*EXCERPTED RECORDS:*

————————

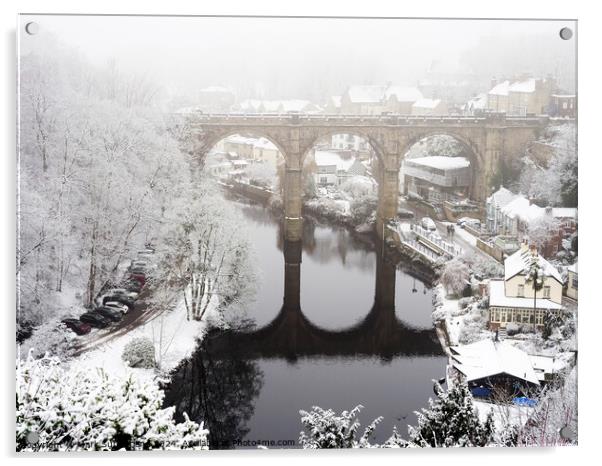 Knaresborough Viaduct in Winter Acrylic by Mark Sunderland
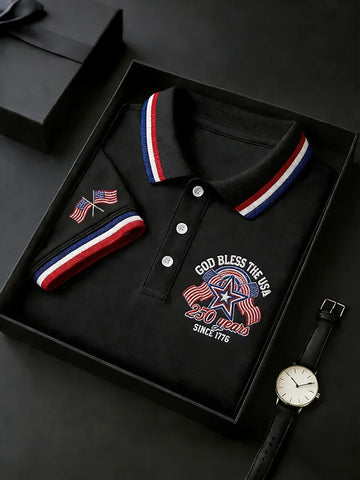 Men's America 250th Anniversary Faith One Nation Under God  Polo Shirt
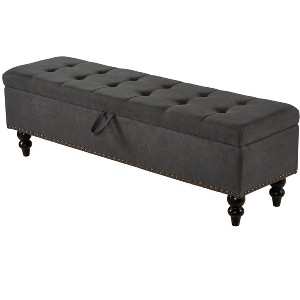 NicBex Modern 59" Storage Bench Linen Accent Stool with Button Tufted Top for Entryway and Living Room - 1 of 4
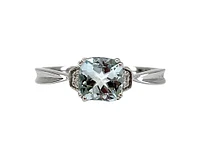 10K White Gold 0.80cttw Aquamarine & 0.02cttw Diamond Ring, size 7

————————

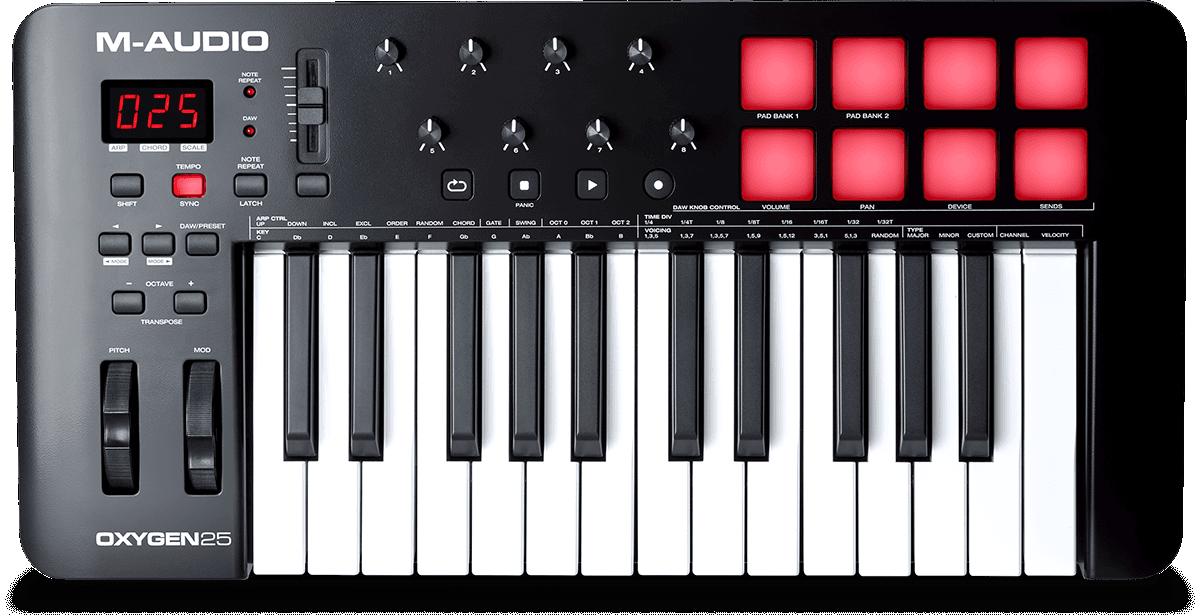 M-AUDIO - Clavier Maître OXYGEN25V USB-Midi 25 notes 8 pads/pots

————————

What lines above run from the one with "Knaresborough Viaduct in" to the one with "Room - 1 of 4"? Give them again exactly, ends included, and leave the pictures out.

*TASK RESULT:*
 Knaresborough Viaduct in Winter Acrylic by Mark Sunderland
 Men's America 250th Anniversary Faith One Nation Under God  Polo Shirt
 NicBex Modern 59" Storage Bench Linen Accent Stool with Button Tufted Top for Entryway and Living Room - 1 of 4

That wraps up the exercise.